(Stored data entries)
┏━━

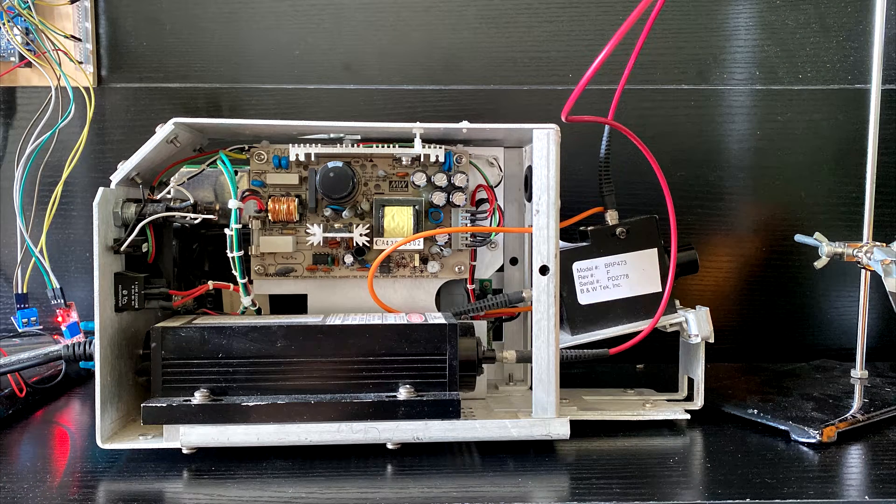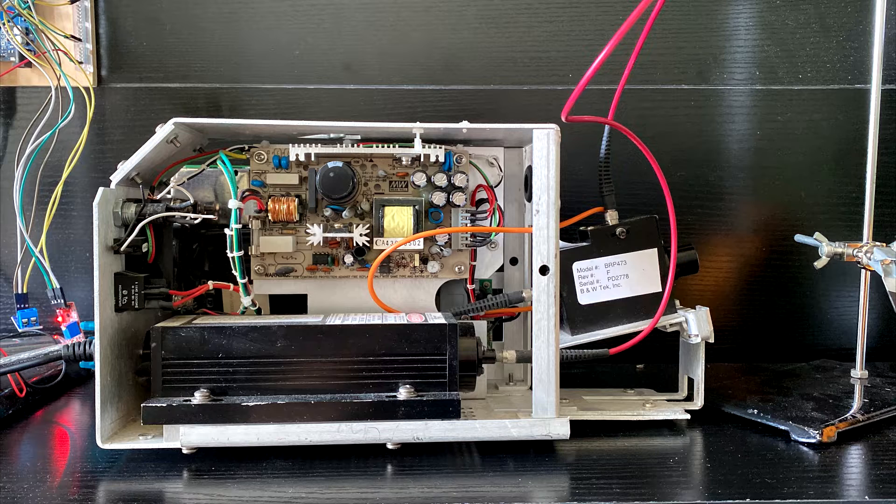If you have ever searched for an inexpensive UV diode laser, a spectrometer, or both, you may notice this item. It was popular on eBay a few years ago and I got mine back in early 2018.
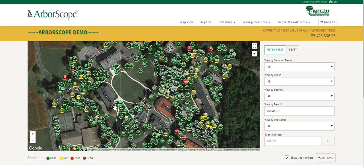Welcome back to the Arborscope demonstration channel. This is a video on the Map View page. Once you've logged into Arborscope using your credentials, you'll be taken to the Map View page.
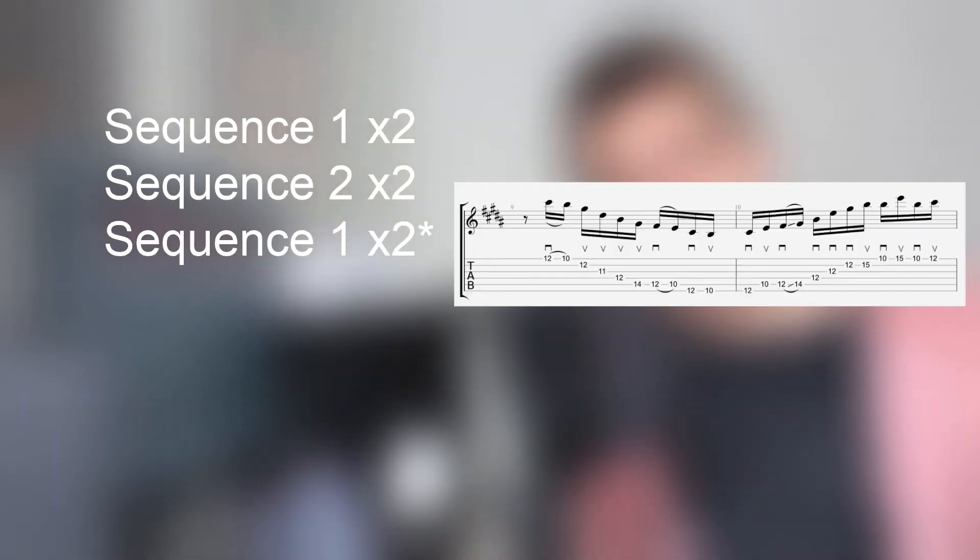There you go! That's all the notes of that arpeggio section of Letters. The order goes the first sequence twice, the second sequence twice, the first sequence twice again minus the first two sixteenths, the second sequence once, and then the climb once. And all put together, it sounds like this.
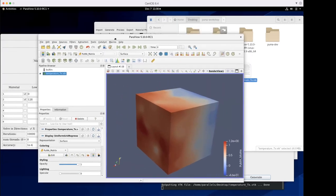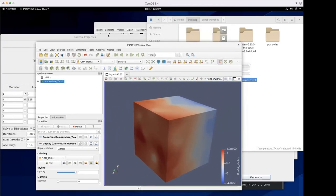That wraps up this section. Federico will go into more detail on Puma Python as well as advanced material properties like permeability. If anyone has questions, please put them in the chat or speak up.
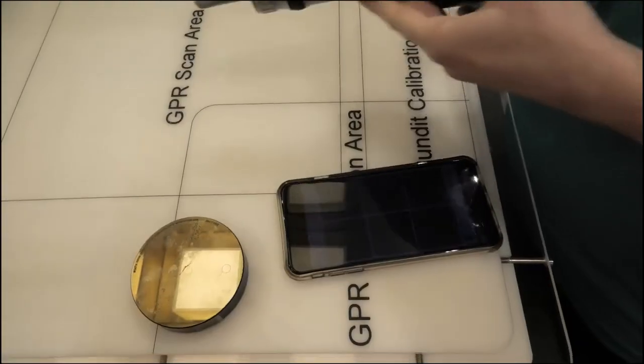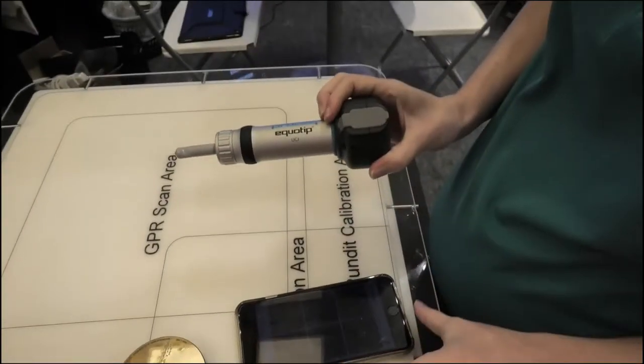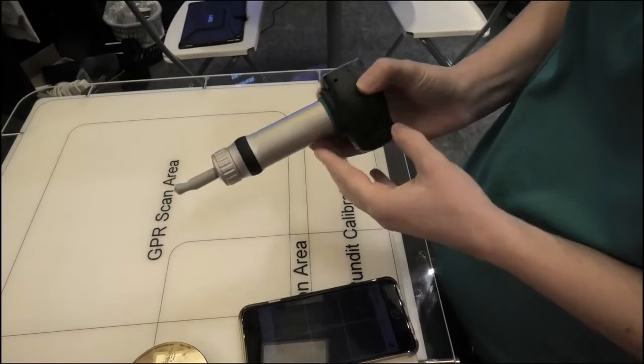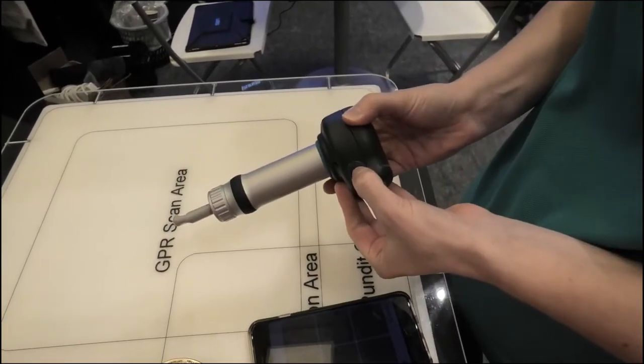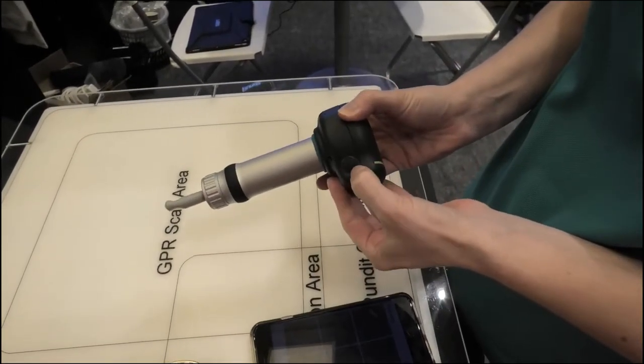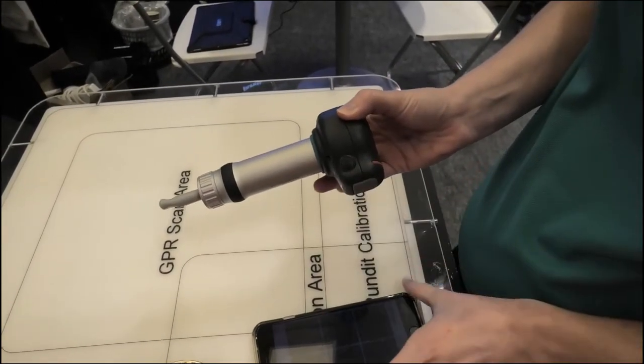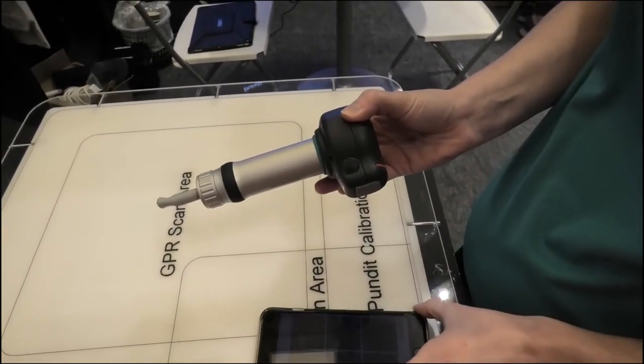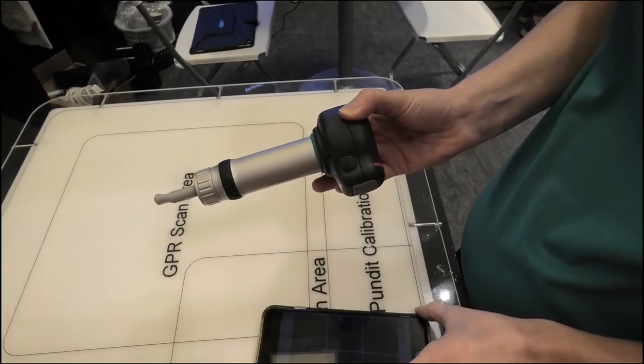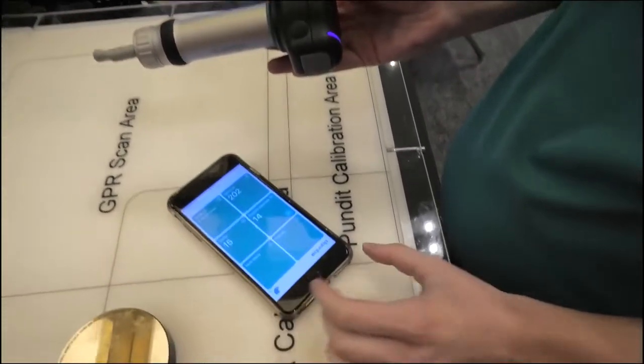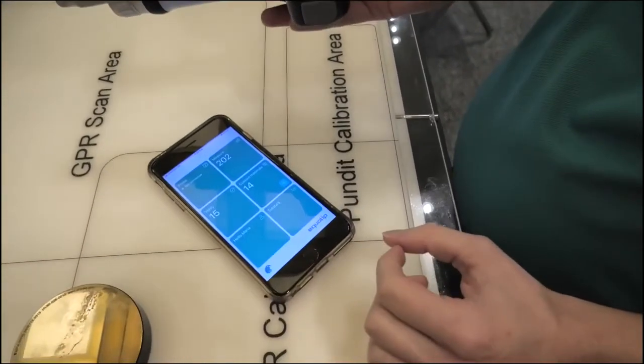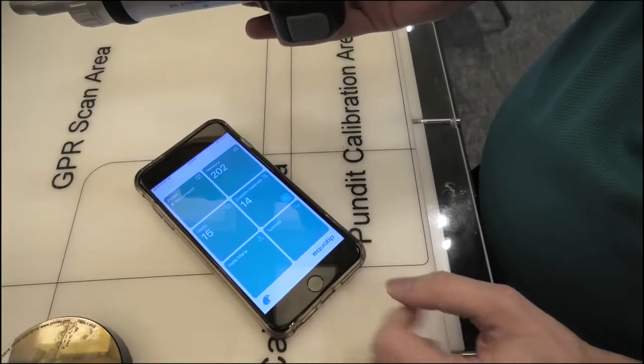The Equitip Live UCI probe, we switch it on from here, and then we can connect it to the app on an Apple device.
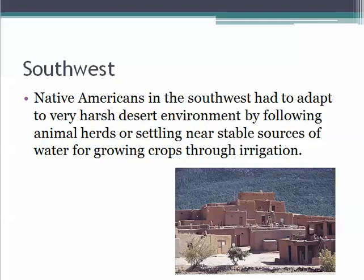The last region we'll talk about today is the Southwest. Native Americans in the Southwest had to adapt to very harsh desert environments by following animal herds or by settling near stable sources of water, which were scarce, but they could set up irrigation for growing crops — corn was probably the most prevalent.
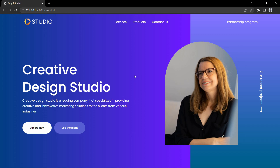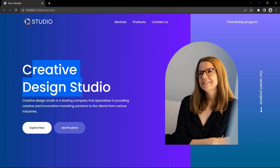Hi guys, welcome back to another video. Today in this video we will learn how to create a modern website design using HTML and CSS. As you can see on my computer screen, here I have this website header section with navigation bar. In this navigation bar you can see one logo and some menu links. Then we have the title, description and some buttons. In the right side you can see this image and in the background you can see the linear gradient color. We will create this website header section using HTML and CSS step by step, so keep watching this video till the end.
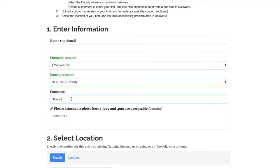Provide a comment to describe your experience. Here we stated that there was no sidewalk leading up to the bus stop.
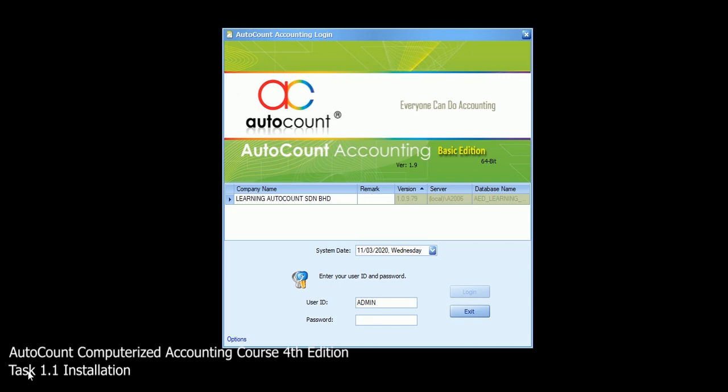Load into the newly created account book with password and ID admin.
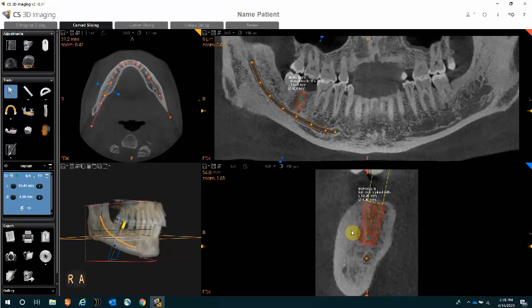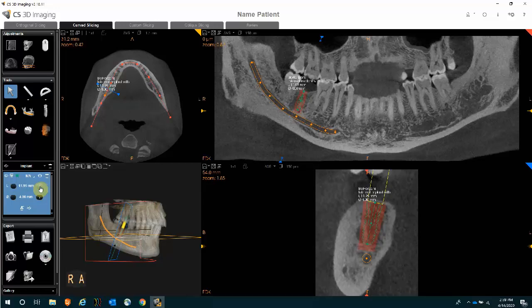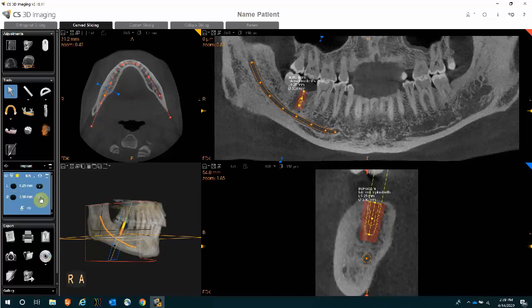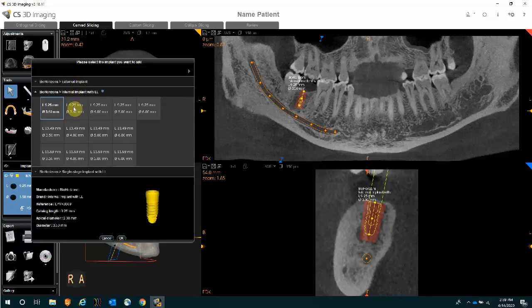Once your implant is placed, if you'd like to try a smaller or larger implant length, on the left-hand side there are plus and minus options for length. Clicking plus gives you the next option up in length; clicking minus reduces the size. You can do the same with the apical diameter. If you're looking to replace the implant altogether with a different brand, there's a replace option — simply click it to select a different size or brand, click OK, and that size or brand will be displayed.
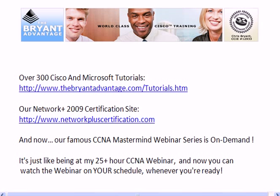I'm Chris Bryant, CCIE number 12933, and welcome to this combination CCNA and Network Plus 2009 certification exam training video, where we're going to look at the theory of virtual LANs and also look at one popular reason for creating them in production networks.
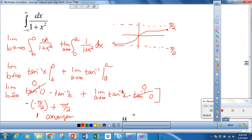Those are the four examples for today, and we will do more examples tomorrow on different types of improper integrals. Have a good afternoon.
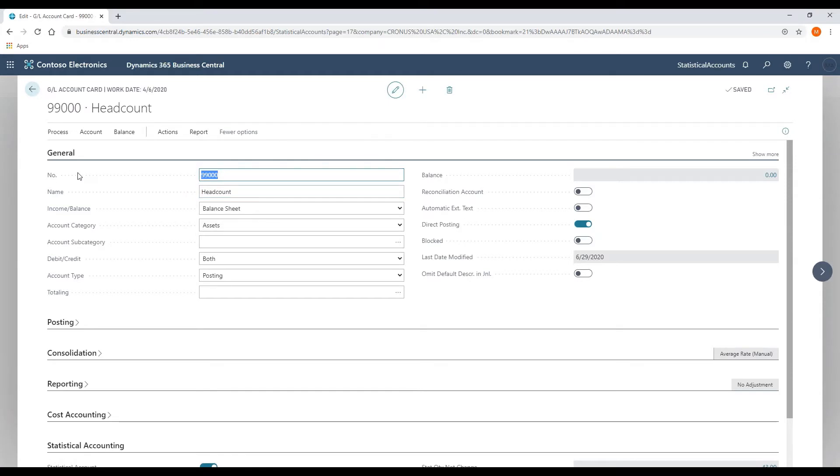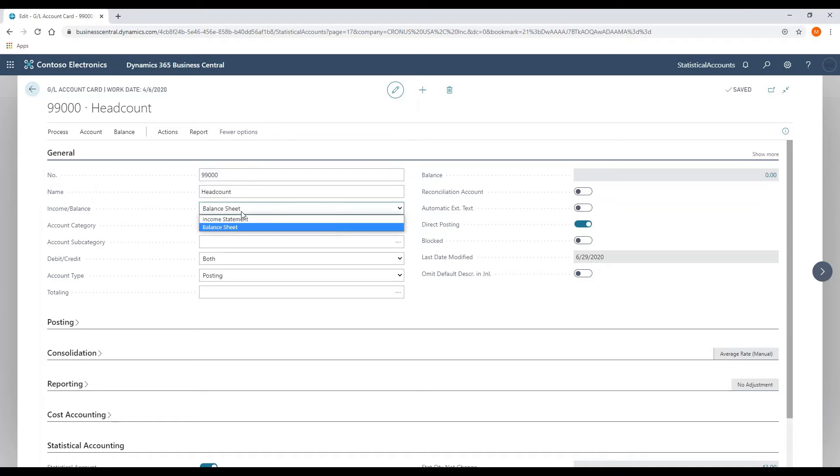To populate or create a statistical account, we are going to use an account number, just like you would with a traditional general ledger account number, a name. The one key here on the income statement or balance sheet type is to select balance sheet so that the account balance or the balance of that statistical account will not zero out when you do your close income statement.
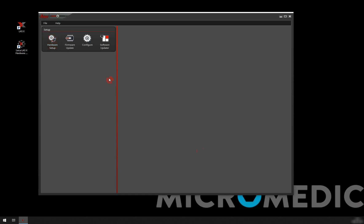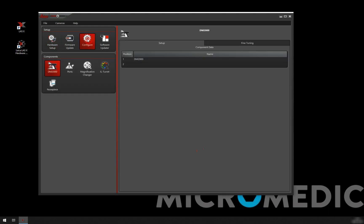I told the software that we have a DM2000. Right now we're going to go into the configure part. This is where we configure our microscope and tell the software what components we have. Right now we have our microscope stand, which is the DM2000.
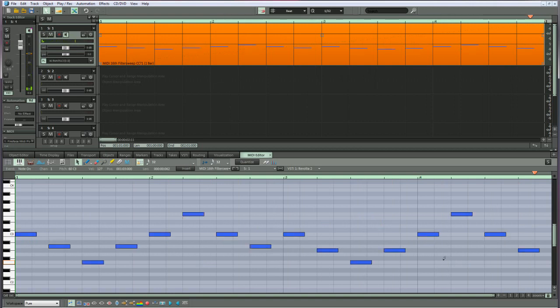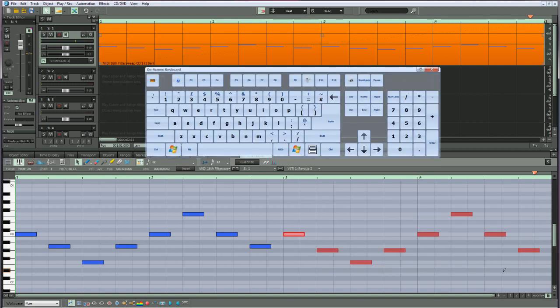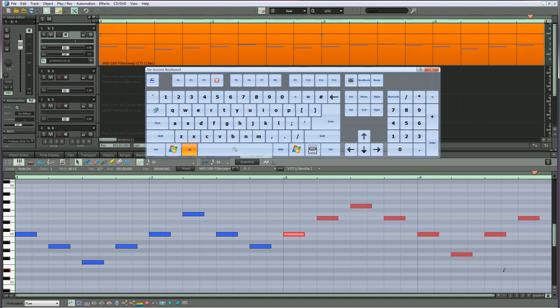Now I'm going to select just the last two bars of the sequence. I've created a keyboard shortcut for Melody Inversion: CTRL plus ALT plus I. So this time just the last two bars have been inverted.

┗━━

* _Problem to solve_:
Retype exactly, please, the span from the line holding "I told the software" through the closing line of the data, both ends included, without the pictures.

* _Answer below_:
I told the software that we have a DM2000. Right now we're going to go into the configure part. This is where we configure our microscope and tell the software what components we have. Right now we have our microscope stand, which is the DM2000.
Now I'm going to select just the last two bars of the sequence. I've created a keyboard shortcut for Melody Inversion: CTRL plus ALT plus I. So this time just the last two bars have been inverted.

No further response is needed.